## THE PROBLEM
With pictures left out, set down exactly the lines from the line containing "Mother massaging baby" through the last line of the data.

━━━━━ DATA FOR THIS EXERCISE ━━━━━

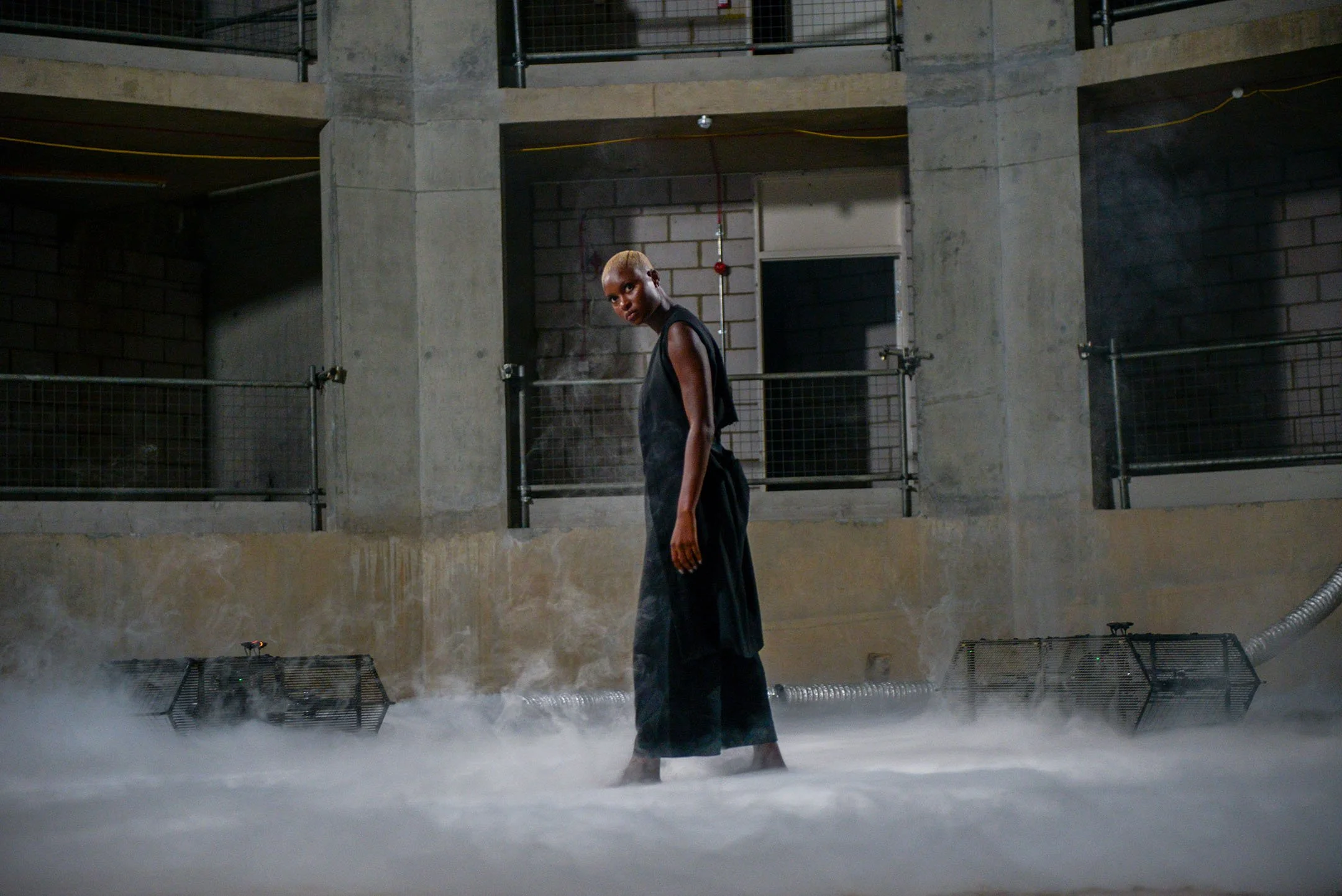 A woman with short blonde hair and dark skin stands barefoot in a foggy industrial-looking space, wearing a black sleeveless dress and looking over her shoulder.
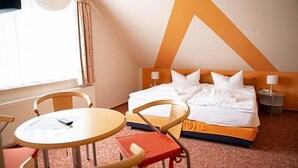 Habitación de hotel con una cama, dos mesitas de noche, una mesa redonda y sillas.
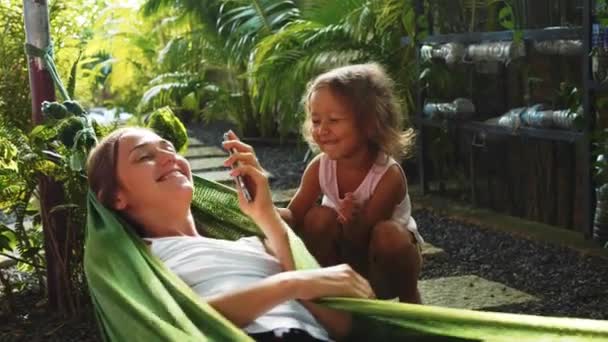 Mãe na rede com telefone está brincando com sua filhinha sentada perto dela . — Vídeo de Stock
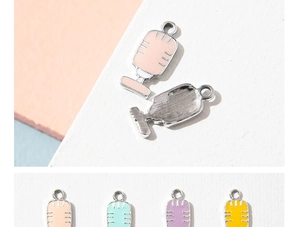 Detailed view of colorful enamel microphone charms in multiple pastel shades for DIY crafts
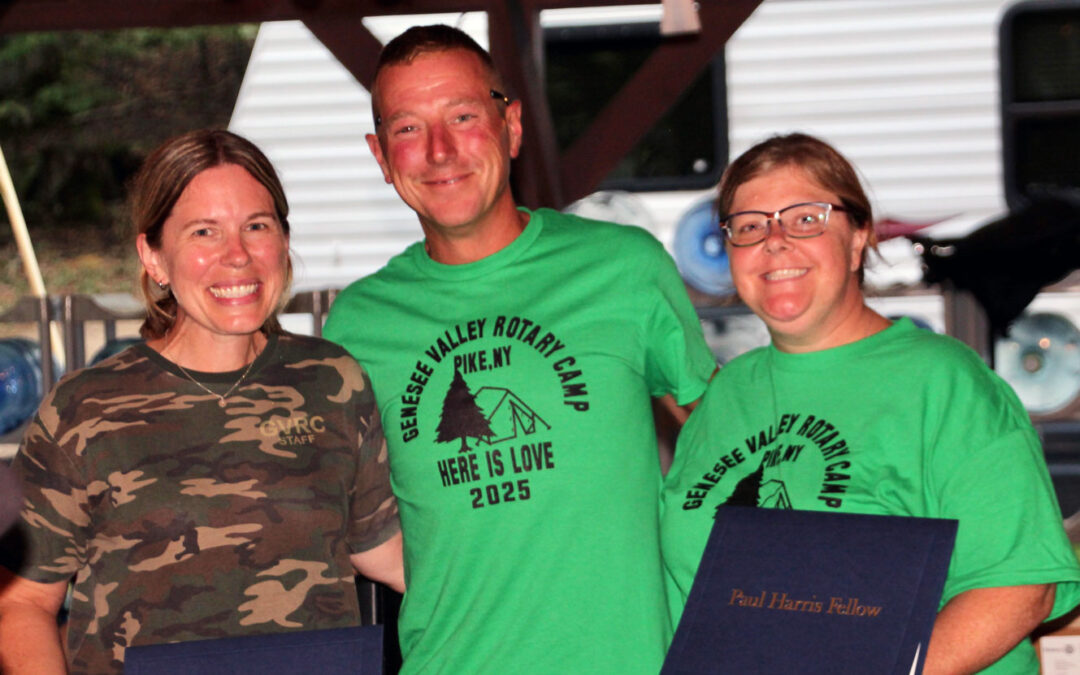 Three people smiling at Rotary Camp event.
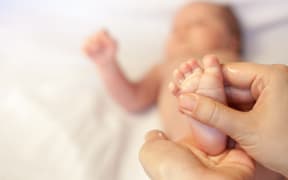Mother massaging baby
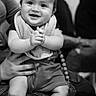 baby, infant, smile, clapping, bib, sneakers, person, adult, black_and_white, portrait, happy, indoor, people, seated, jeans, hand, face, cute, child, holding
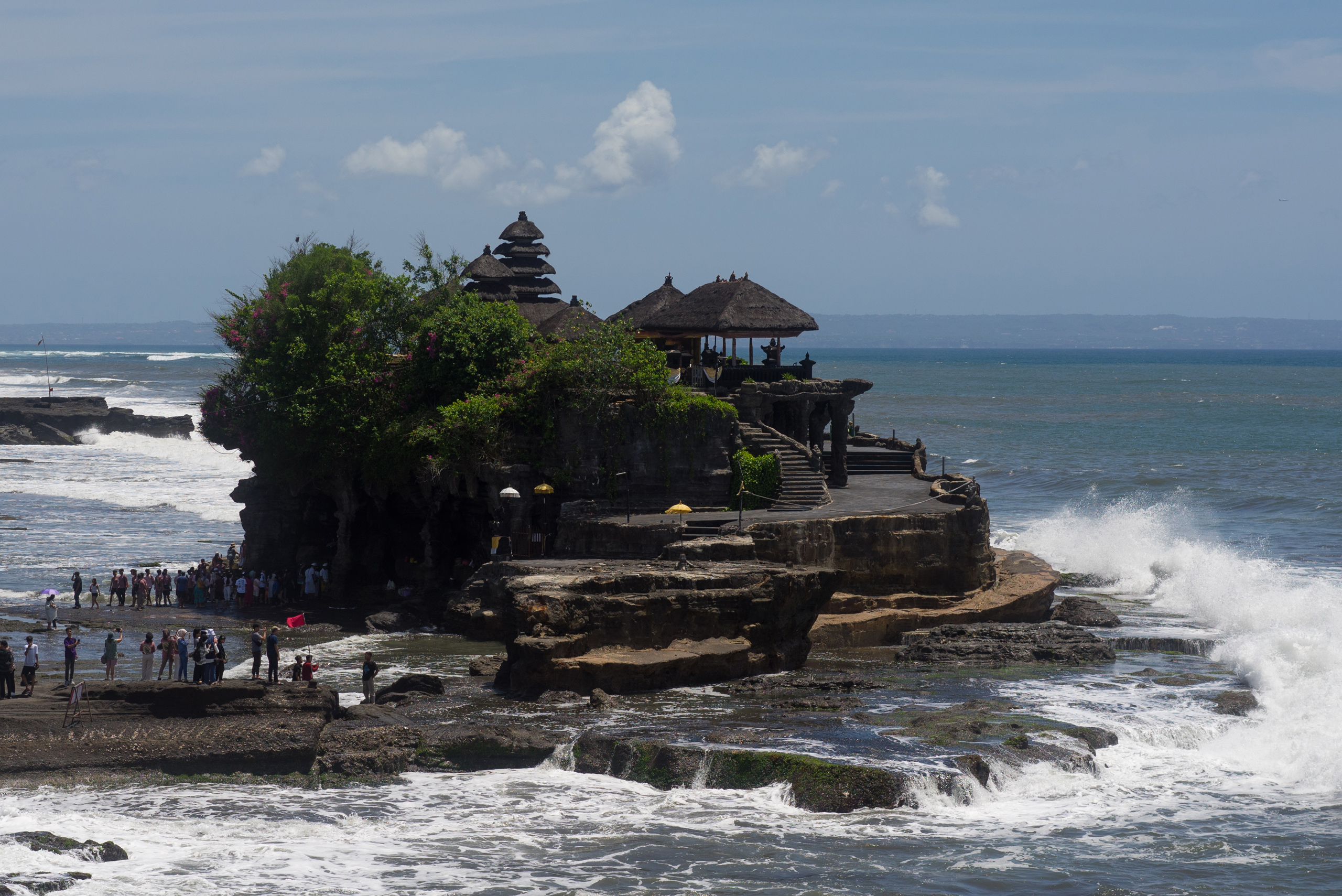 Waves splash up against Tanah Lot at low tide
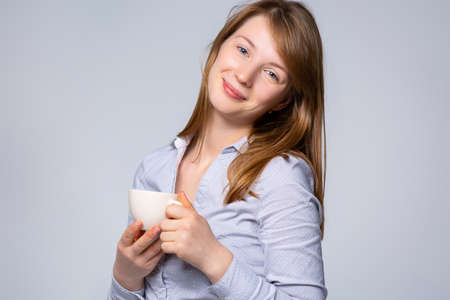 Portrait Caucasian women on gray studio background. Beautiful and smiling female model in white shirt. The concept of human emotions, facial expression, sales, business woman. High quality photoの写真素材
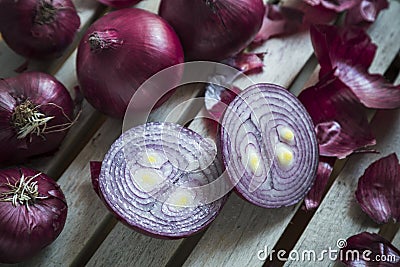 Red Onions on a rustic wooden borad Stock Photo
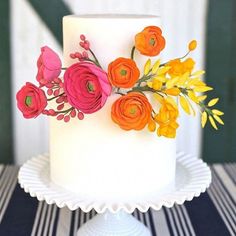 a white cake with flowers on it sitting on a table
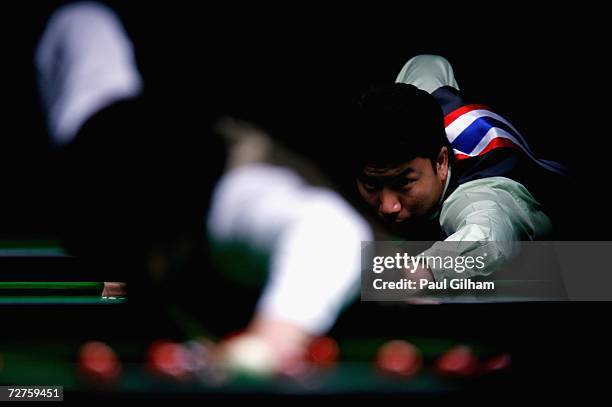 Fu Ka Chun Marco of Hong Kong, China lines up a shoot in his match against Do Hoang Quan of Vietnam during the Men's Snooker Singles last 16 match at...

━━━━━

## ANSWER FOR THIS EXERCISE
Mother massaging baby
 baby, infant, smile, clapping, bib, sneakers, person, adult, black_and_white, portrait, happy, indoor, people, seated, jeans, hand, face, cute, child, holding
 Waves splash up against Tanah Lot at low tide
 Portrait Caucasian women on gray studio background. Beautiful and smiling female model in white shirt. The concept of human emotions, facial expression, sales, business woman. High quality photoの写真素材
 Red Onions on a rustic wooden borad Stock Photo
 a white cake with flowers on it sitting on a table
 Fu Ka Chun Marco of Hong Kong, China lines up a shoot in his match against Do Hoang Quan of Vietnam during the Men's Snooker Singles last 16 match at...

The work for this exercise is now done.